== Your goal ==
The full listing, written out exactly and without images, is the expected result.

== Data to process ==
+--
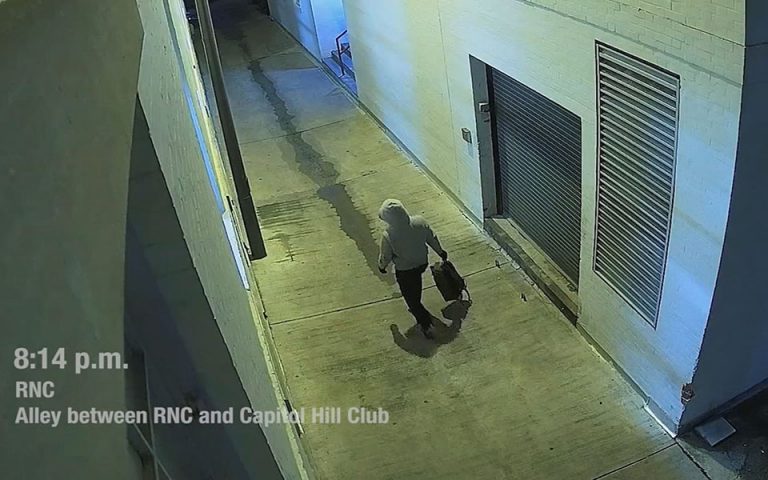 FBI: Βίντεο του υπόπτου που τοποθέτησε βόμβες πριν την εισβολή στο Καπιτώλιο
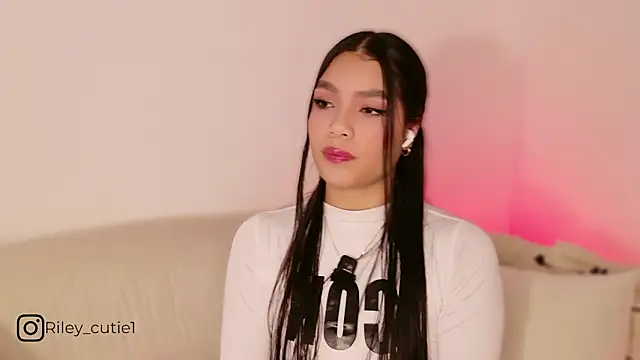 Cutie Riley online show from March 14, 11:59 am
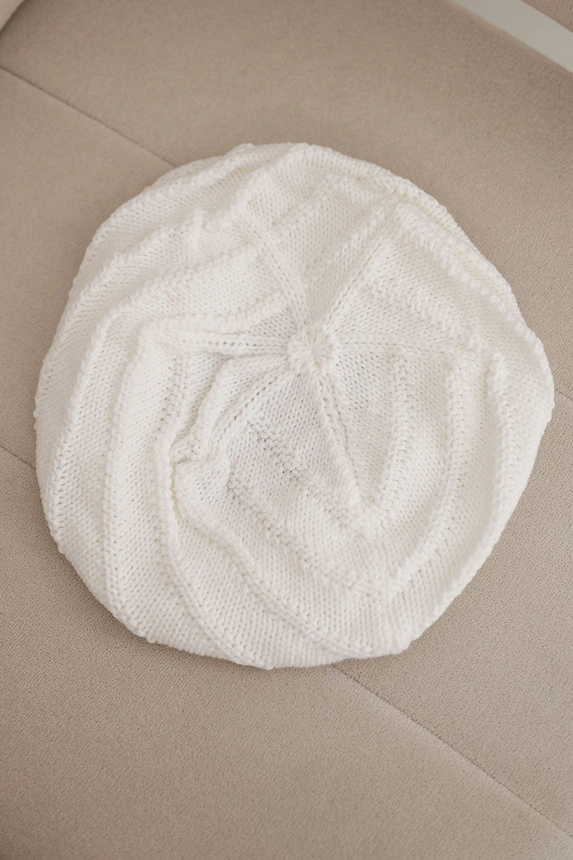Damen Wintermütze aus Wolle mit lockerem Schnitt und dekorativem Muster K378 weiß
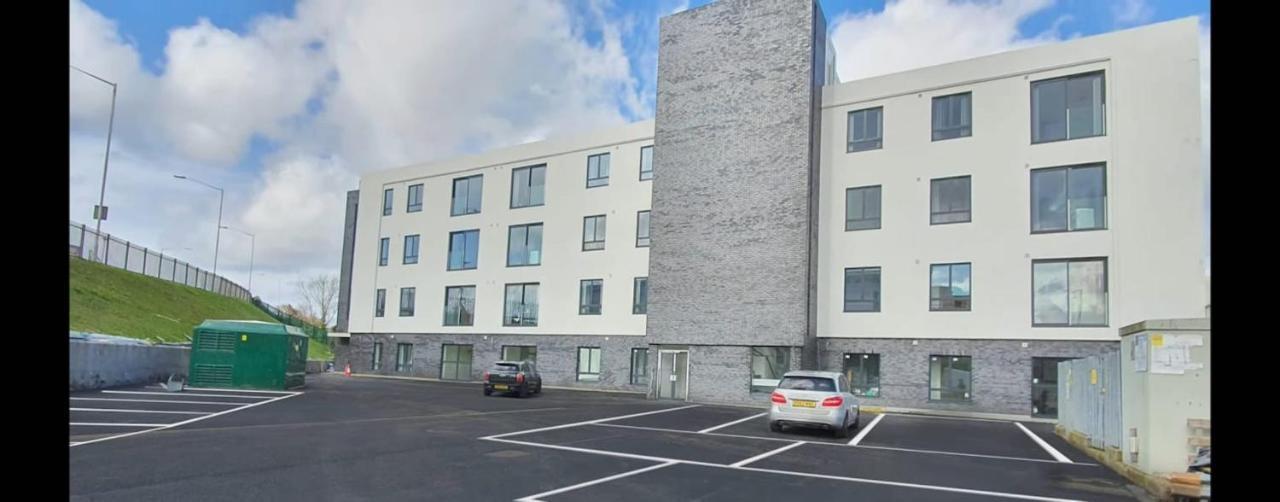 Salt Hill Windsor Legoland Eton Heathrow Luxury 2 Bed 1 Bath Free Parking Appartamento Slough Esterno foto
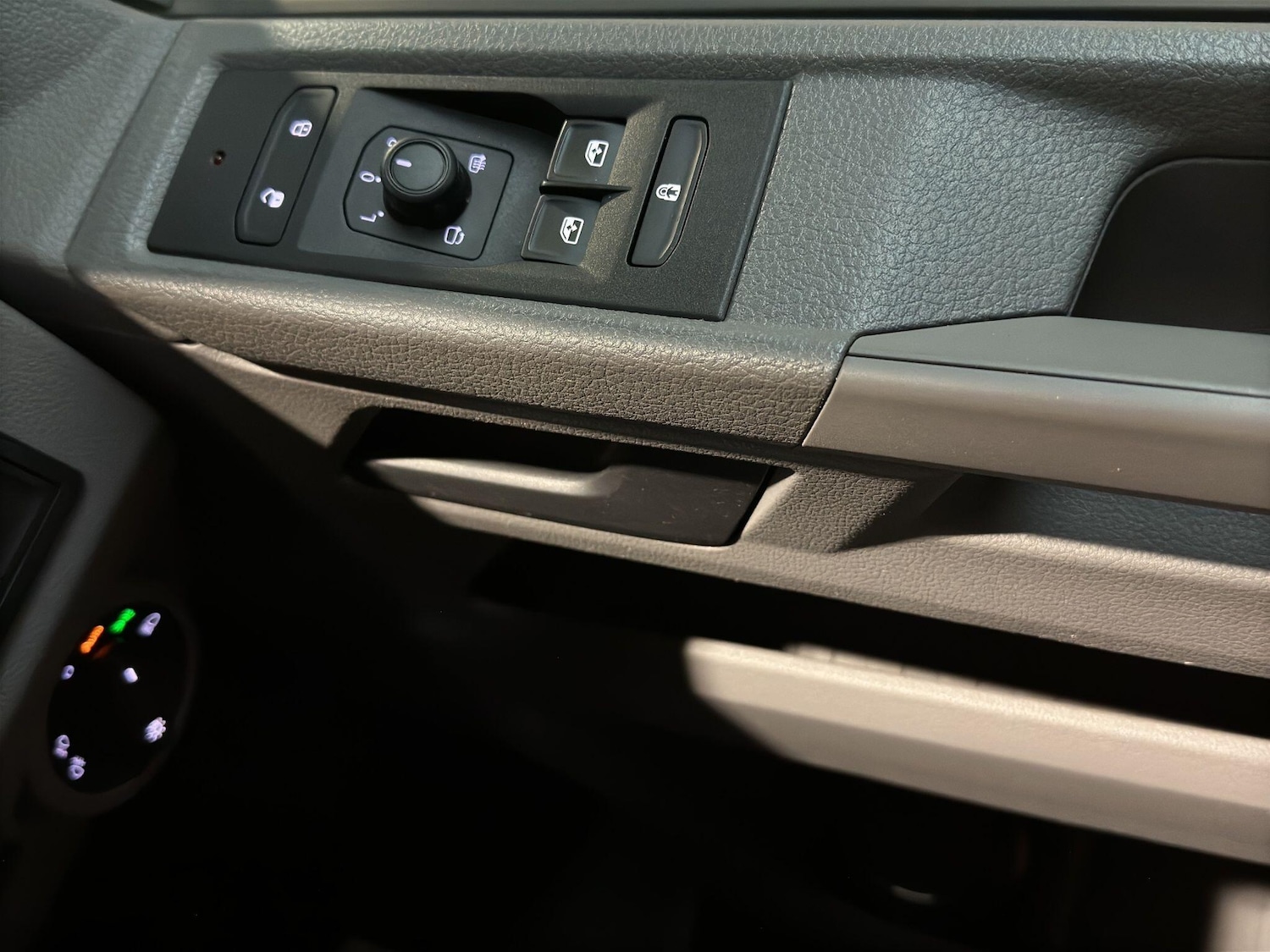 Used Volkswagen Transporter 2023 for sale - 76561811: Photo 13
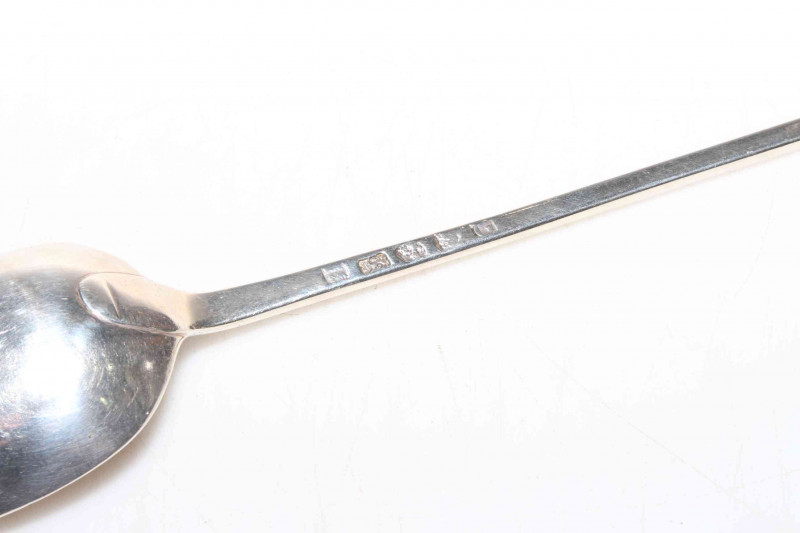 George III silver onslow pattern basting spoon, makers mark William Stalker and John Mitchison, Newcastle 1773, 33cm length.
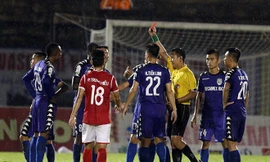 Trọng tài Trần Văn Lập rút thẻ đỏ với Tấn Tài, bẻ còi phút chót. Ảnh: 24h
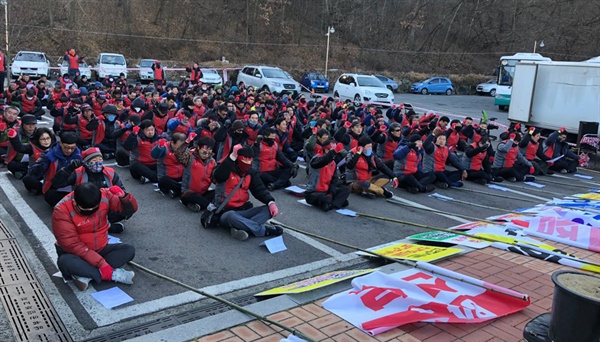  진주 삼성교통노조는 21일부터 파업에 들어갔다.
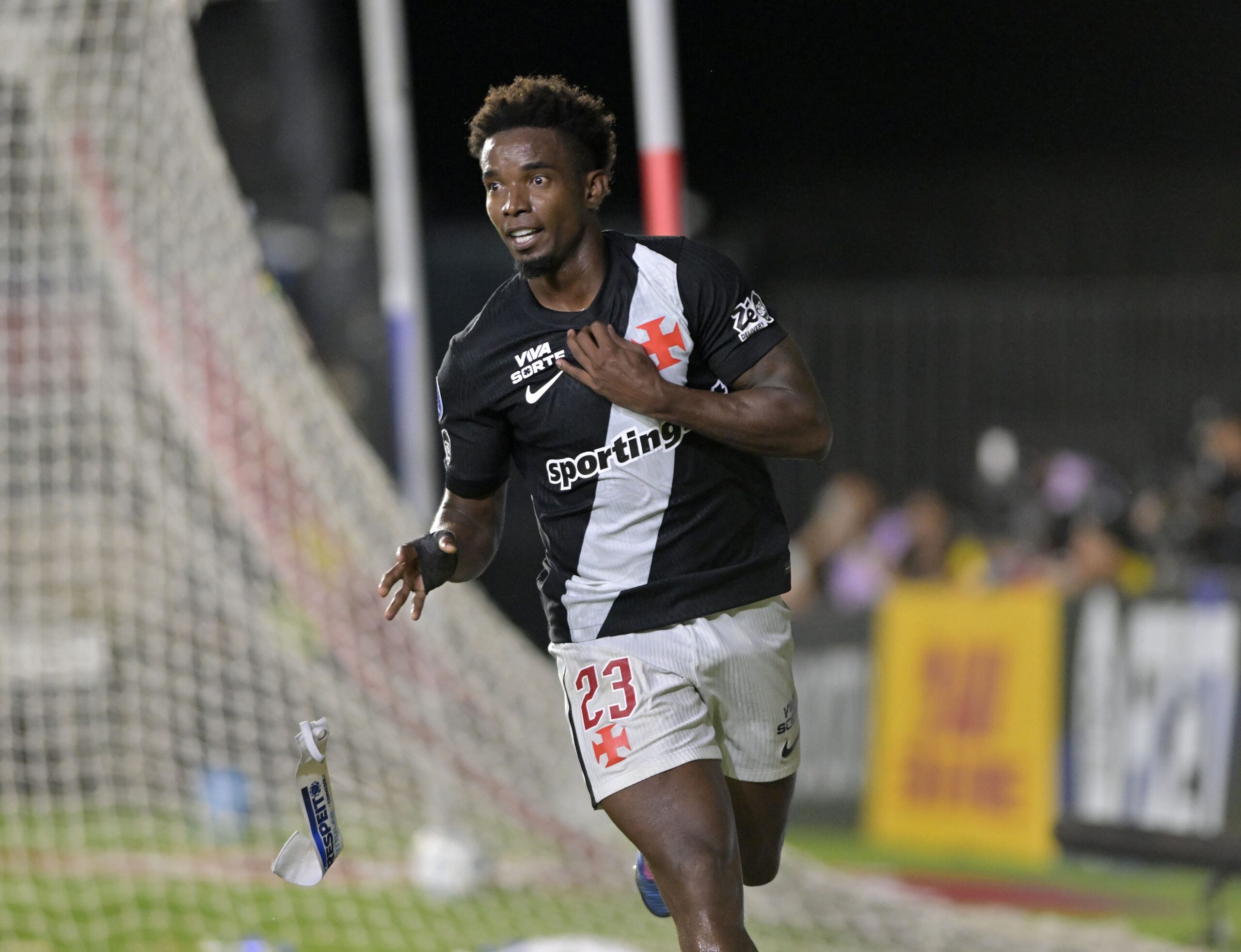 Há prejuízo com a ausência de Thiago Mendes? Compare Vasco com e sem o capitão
+--
== Answer to the exercise ==
 FBI: Βίντεο του υπόπτου που τοποθέτησε βόμβες πριν την εισβολή στο Καπιτώλιο
 Cutie Riley online show from March 14, 11:59 am
Damen Wintermütze aus Wolle mit lockerem Schnitt und dekorativem Muster K378 weiß
 Salt Hill Windsor Legoland Eton Heathrow Luxury 2 Bed 1 Bath Free Parking Appartamento Slough Esterno foto
 Used Volkswagen Transporter 2023 for sale - 76561811: Photo 13
 George III silver onslow pattern basting spoon, makers mark William Stalker and John Mitchison, Newcastle 1773, 33cm length.
 Trọng tài Trần Văn Lập rút thẻ đỏ với Tấn Tài, bẻ còi phút chót. Ảnh: 24h
  진주 삼성교통노조는 21일부터 파업에 들어갔다.
 Há prejuízo com a ausência de Thiago Mendes? Compare Vasco com e sem o capitão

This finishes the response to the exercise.